Following agreement between the European Parliament and the Council of the European Union, the regulation was published in the Official Journal of the European Union on 28 August 2014.

Securities settlement concerns the delivery of securities between a buyer and a seller and the payment of the corresponding cash leg in order to settle a trade agreed between two counterparties, typically on an exchange and sometimes after being cleared on a central counterparty.

CSDs are systemically important financial market infrastructures. They allow the registration, safekeeping, and settlement of securities in exchange for cash, which supports the efficient processing of securities transactions in financial markets. The long-term failure of a CSD would have a major impact on the financial stability of a member state by severely disrupting its financial market as market participants would be unable to buy or sell securities or use their securities as collateral to raise liquidity.
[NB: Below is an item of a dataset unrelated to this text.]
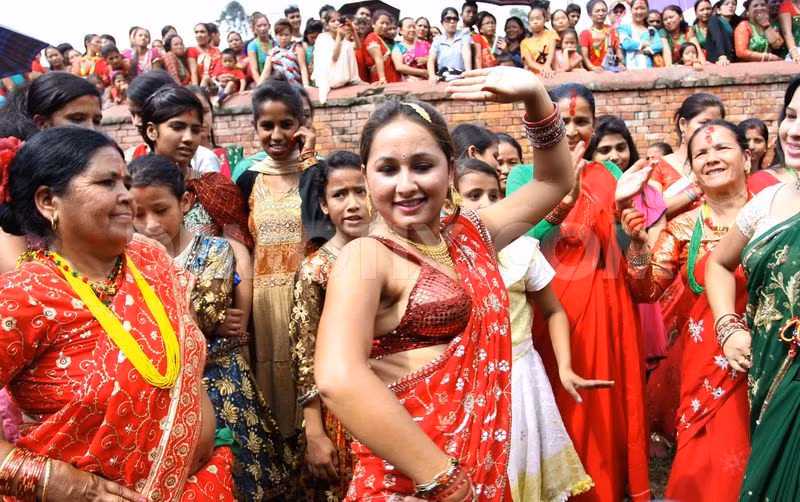 Tại Nepal, phần đầu là phần thiêng liêng nhất của cơ thể con người. Do đó, nếu người nào chạm vào đầu của người khác là hành động không đúng đắn. Chỉ có các nhà sư và cha mẹ mới có thể chạm vào đầu.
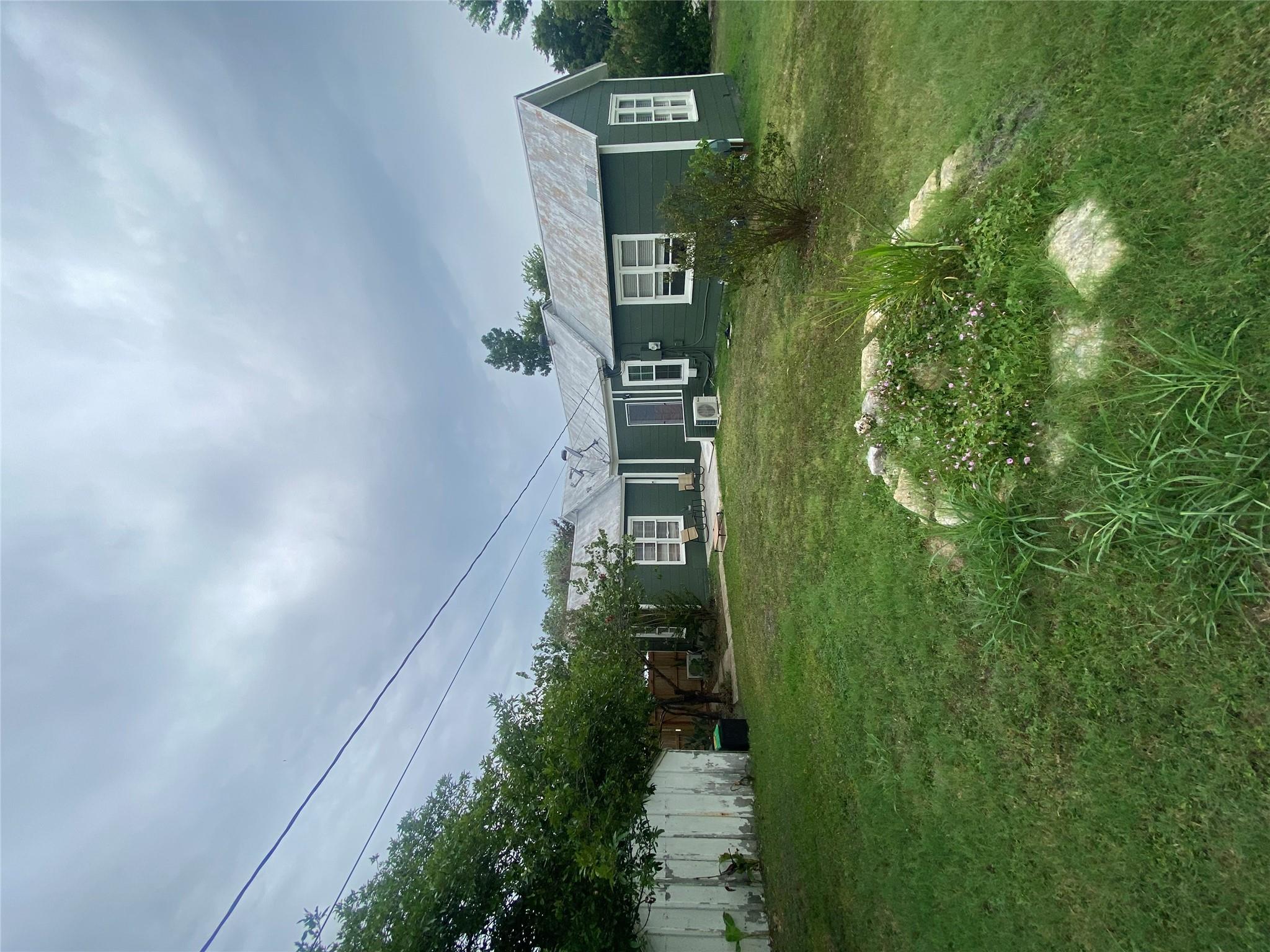 206 N Donohoe St, Granger, TX 76530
The CSDR aims to increase the safety and efficiency of cross border transactions and to ensure a level playing field for cross border transactions by:

  • establishing the core and ancillary services that a CSD can provide

  • establishing new common rules for the authorisation and ongoing supervision of CSDs

  • setting prudential, technical, legal and organisational requirements for the operation of CSDs and their services

  • harmonising securities settlement rules including a mandatory settlement period, penal regimes for settlement failures, and dematerialisation of securities from paper certificates to electronic book-entry

  • establishing common access rules to support the creation of a competitive single market in securities settlement services

According to the CSDR Annex, the core services a CSD can provide are:

  1. Initial recording of securities in a book-entry system (notary service)

  2. Providing and maintaining securities accounts at the top tier level (central maintenance service)

  3. Operating a securities settlement system (settlement service)

Ancillary services of the non-banking type a CSD can provide are services that contribute to enhancing the safety, efficiency and transparency of the securities markets and do not entail credit or liquidity risks. In more detail these include services related to the settlement service, such as organising a securities lending mechanism as agents among participant of a securities settlement system; services related to notary and central maintenance services, such as services related to shareholders’ registers, processing corporate actions like tax and information services, instruction routing and processing and fee collection; collateral management services (as agent), IT services and regulatory reporting.

Ancillary services of the banking type a CSD can provide are those directly related to the core and ancillary services listed above. They include providing cash accounts to and accepting deposits from participants in a securities settlement system and holders of securities accounts; providing cash credit for reimbursement no later than the following business day, cash lending to pre-finance corporate actions and lending securities to holders of securities accounts; payment services involving processing of cash and foreign exchange transactions; guarantees and commitments related to securities lending and borrowing; and Treasury activities involving foreign exchange and transferable securities related to managing participants’ long business (all within the meaning of Annex I to CRD IV). A CSD needs additional authorisation to provide the banking type of ancillary services.

In addition, CSDR envisages that CSDs can provide MiFID services and activities.

  1. It should be noted that Euroclear UK and Ireland Limited itself does not currently enter into “market contracts” and so elements of Part 7 of the Companies Act are not relevant to it.